[Crawled caption data]
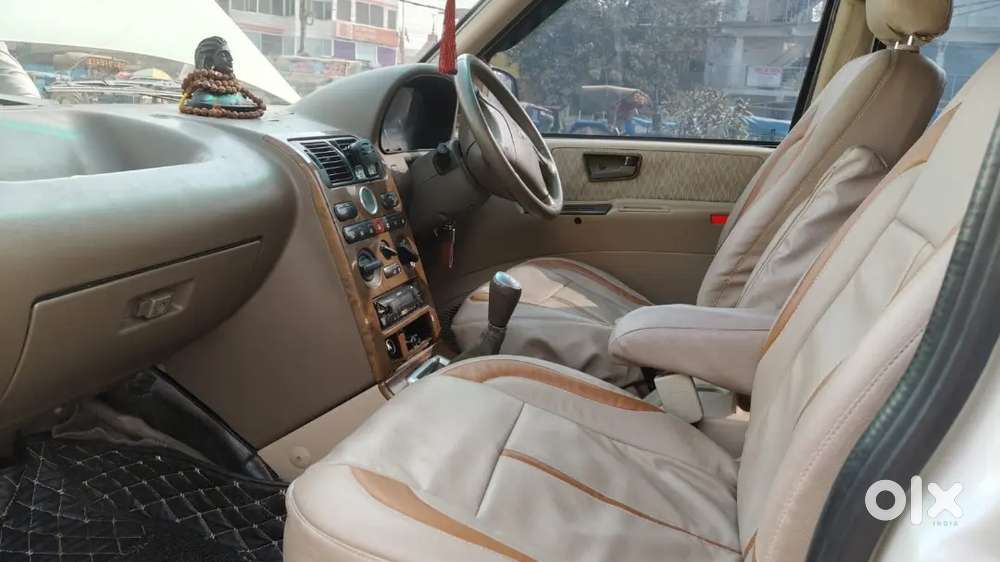 Tata Safari 2012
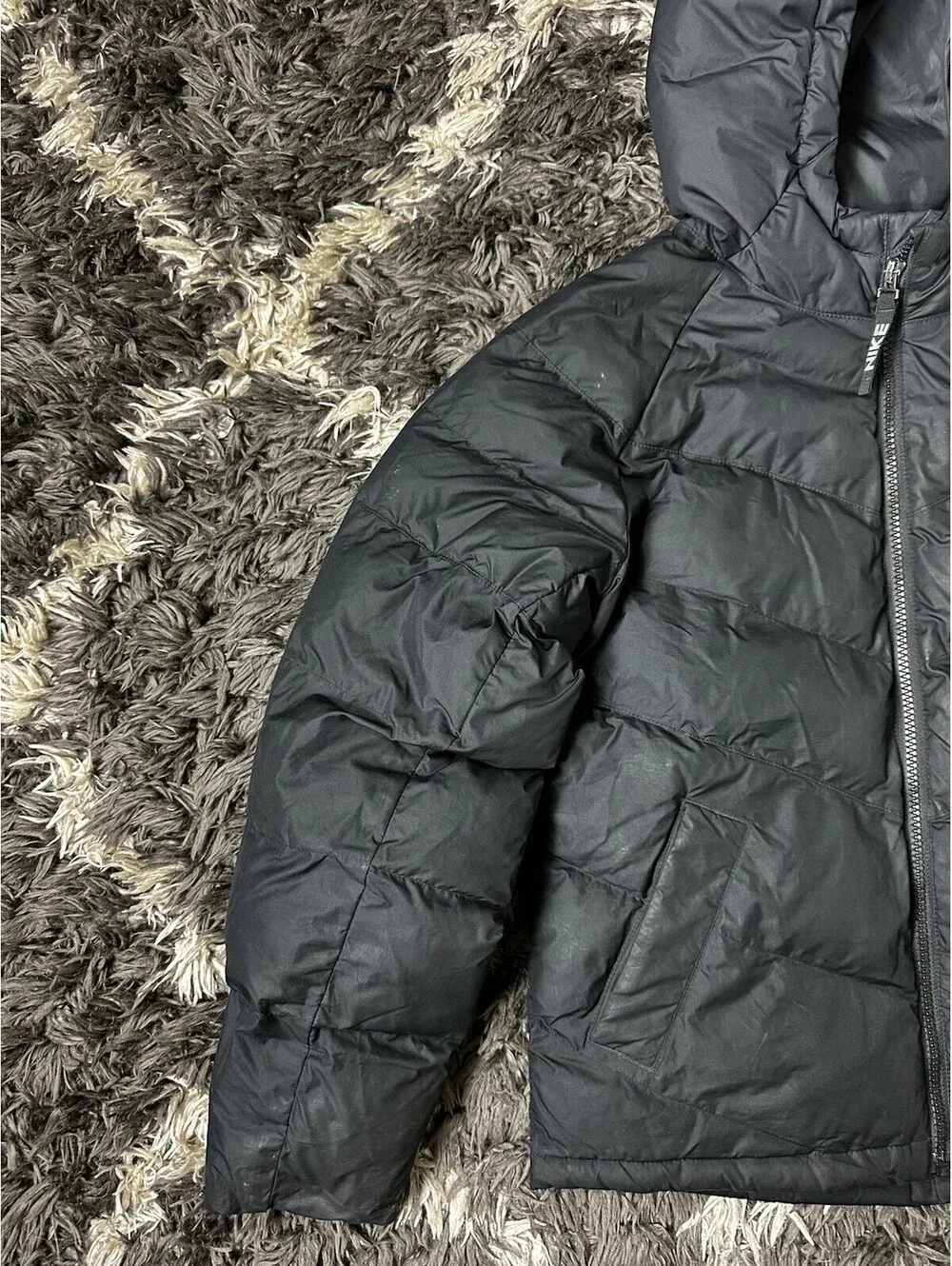 Nike Youth Kids Medium M Black Chevron Hooded Puffer Jacket Full Zip Winter Coat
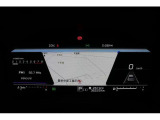ナビゲーション機能と連動して、地図画面をメーターに表示することも可能です。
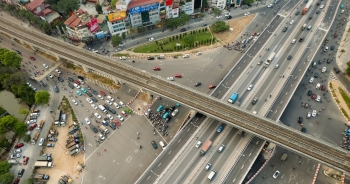 Phương tiện nào được lưu thông trên hai nhánh cầu vượt thép Mai Dịch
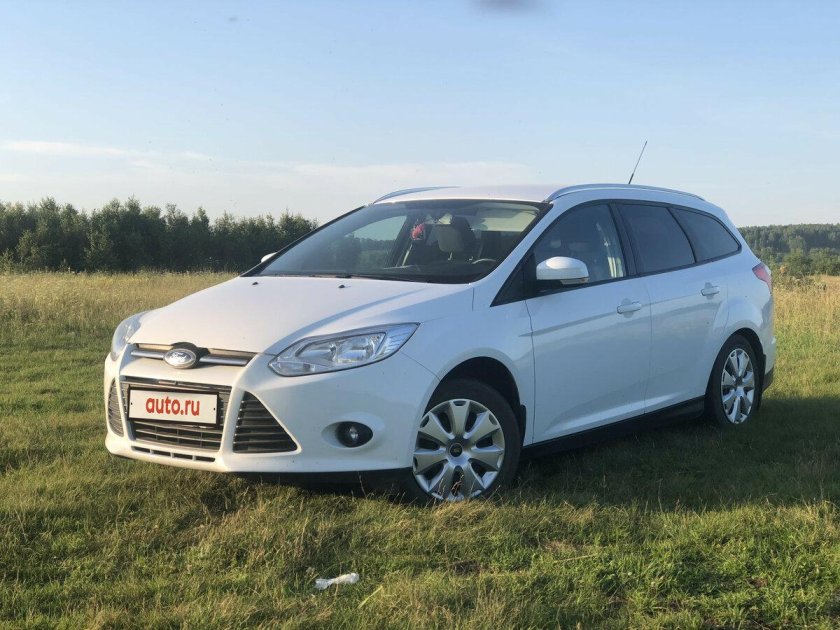 Форд фокус 3 универсал белый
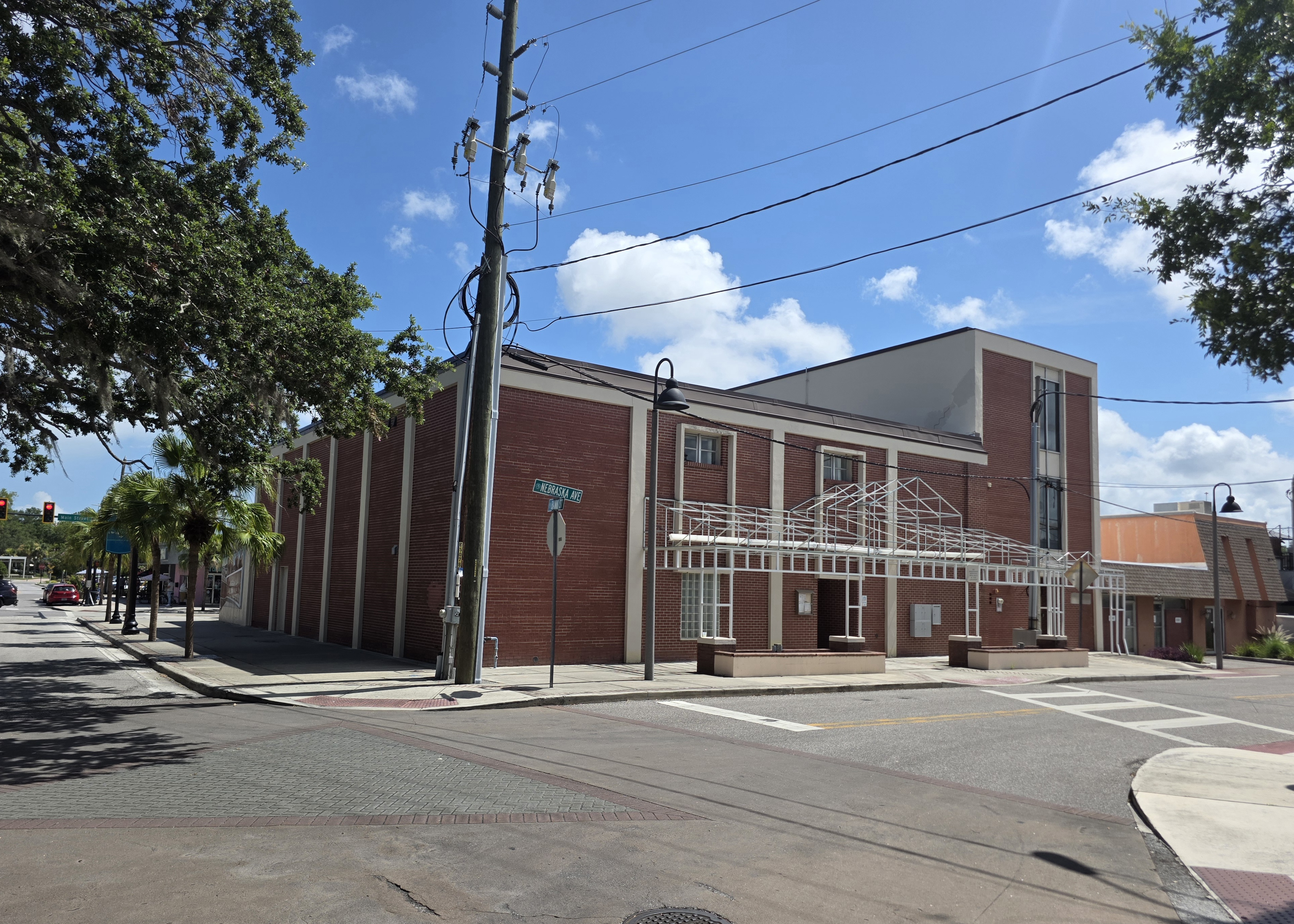 Original photo of 5640 Main Street front entrance.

Task objective:
In the copy, include every line of the records exactly and none of the images.

Response:
 Tata Safari 2012
 Nike Youth Kids Medium M Black Chevron Hooded Puffer Jacket Full Zip Winter Coat
ナビゲーション機能と連動して、地図画面をメーターに表示することも可能です。
 Phương tiện nào được lưu thông trên hai nhánh cầu vượt thép Mai Dịch
 Форд фокус 3 универсал белый
 Original photo of 5640 Main Street front entrance.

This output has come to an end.